> Activity:
In the records below, reproduce exactly the lines from the one containing "Wewoo Housse Coque" through the one containing "Marketplace Auto Parts", both included, and omit the pictures.

***** Records for the exercise *****

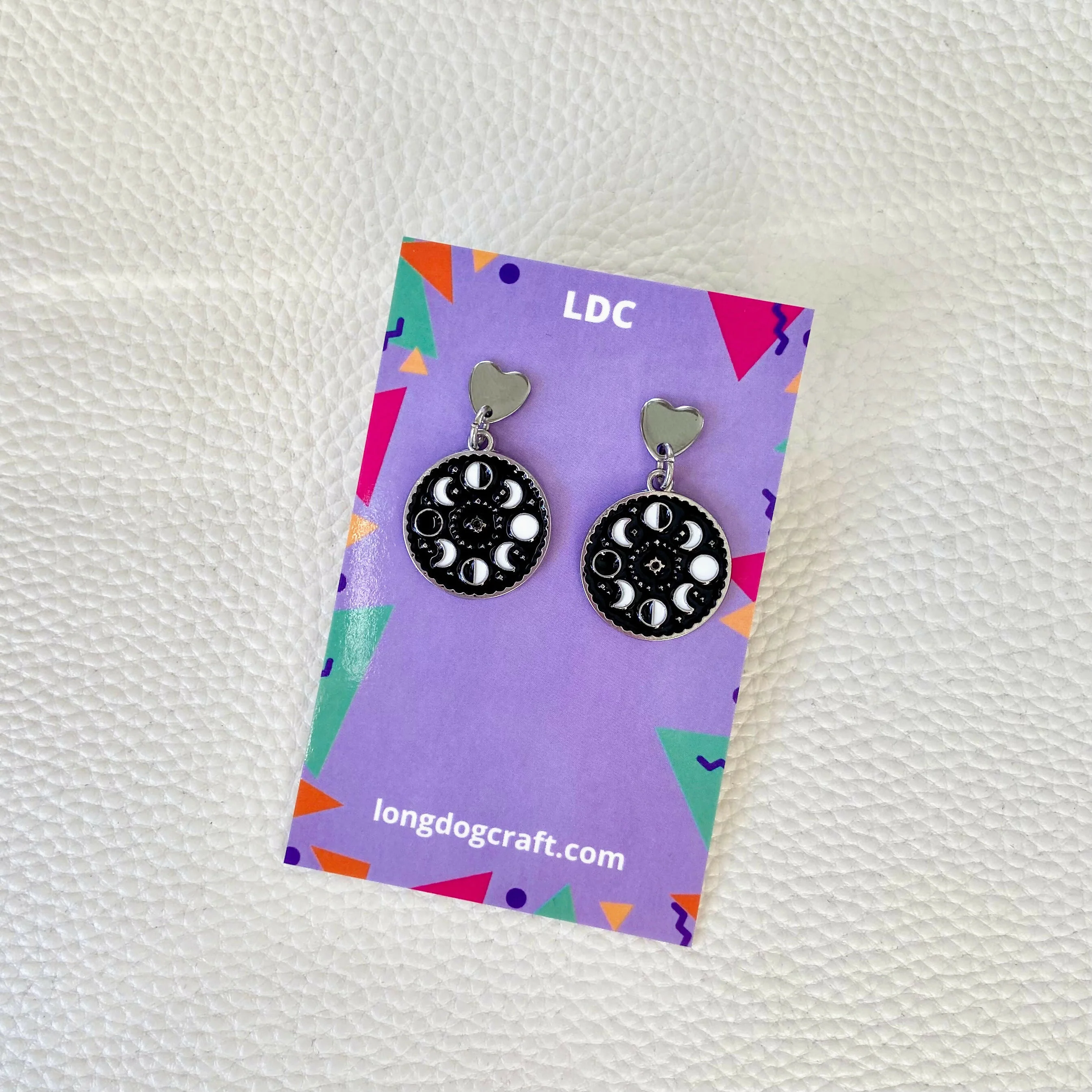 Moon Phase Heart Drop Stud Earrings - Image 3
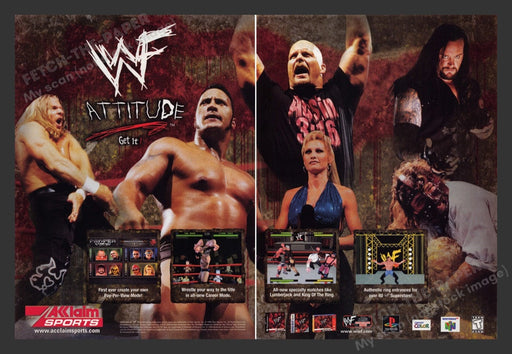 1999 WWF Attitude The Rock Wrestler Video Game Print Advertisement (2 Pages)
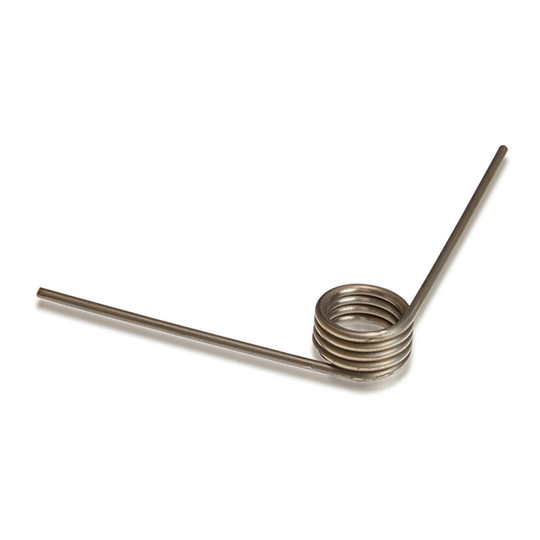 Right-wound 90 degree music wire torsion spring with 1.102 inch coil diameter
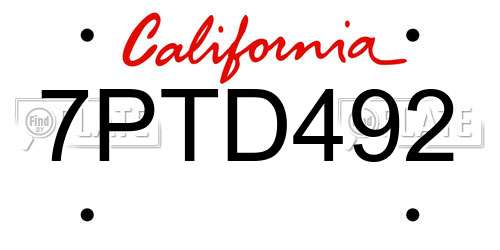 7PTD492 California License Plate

*****
***** Records for the exercise *****

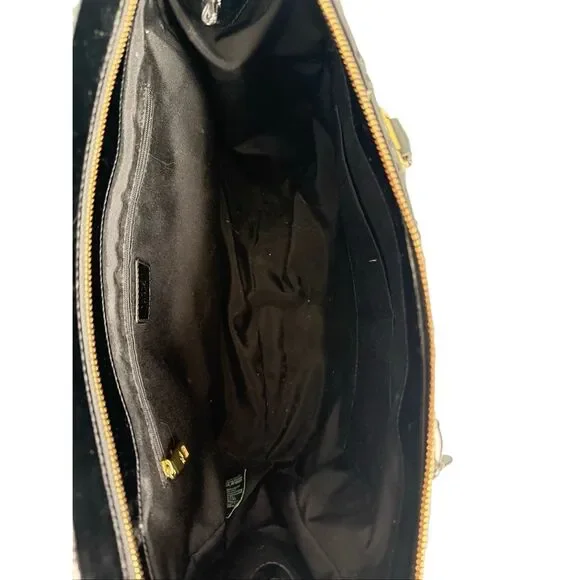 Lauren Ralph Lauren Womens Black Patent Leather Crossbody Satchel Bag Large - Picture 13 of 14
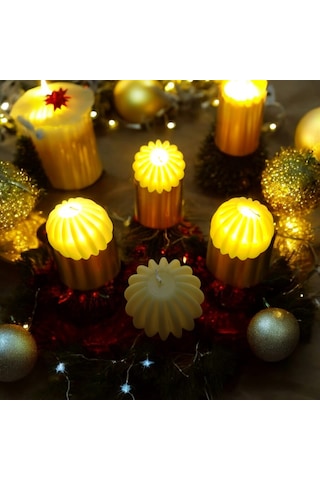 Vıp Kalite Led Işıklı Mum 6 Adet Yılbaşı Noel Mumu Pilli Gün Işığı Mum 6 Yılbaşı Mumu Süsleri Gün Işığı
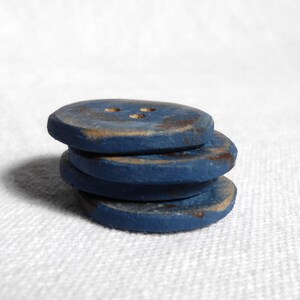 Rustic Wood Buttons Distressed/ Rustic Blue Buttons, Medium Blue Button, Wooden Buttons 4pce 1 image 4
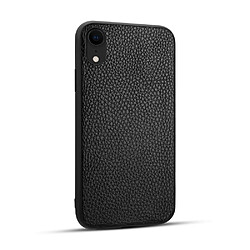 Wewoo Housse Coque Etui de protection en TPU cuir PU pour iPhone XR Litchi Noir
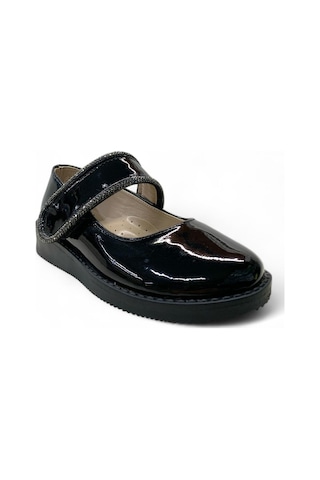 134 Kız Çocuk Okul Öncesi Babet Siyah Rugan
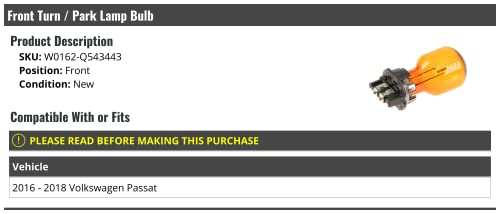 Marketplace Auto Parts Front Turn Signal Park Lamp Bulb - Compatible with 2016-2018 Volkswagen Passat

*****
***** Records for the exercise *****

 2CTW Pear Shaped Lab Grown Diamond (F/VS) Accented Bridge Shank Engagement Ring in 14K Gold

*****

> Exercise output:
 Wewoo Housse Coque Etui de protection en TPU cuir PU pour iPhone XR Litchi Noir
 134 Kız Çocuk Okul Öncesi Babet Siyah Rugan
 Marketplace Auto Parts Front Turn Signal Park Lamp Bulb - Compatible with 2016-2018 Volkswagen Passat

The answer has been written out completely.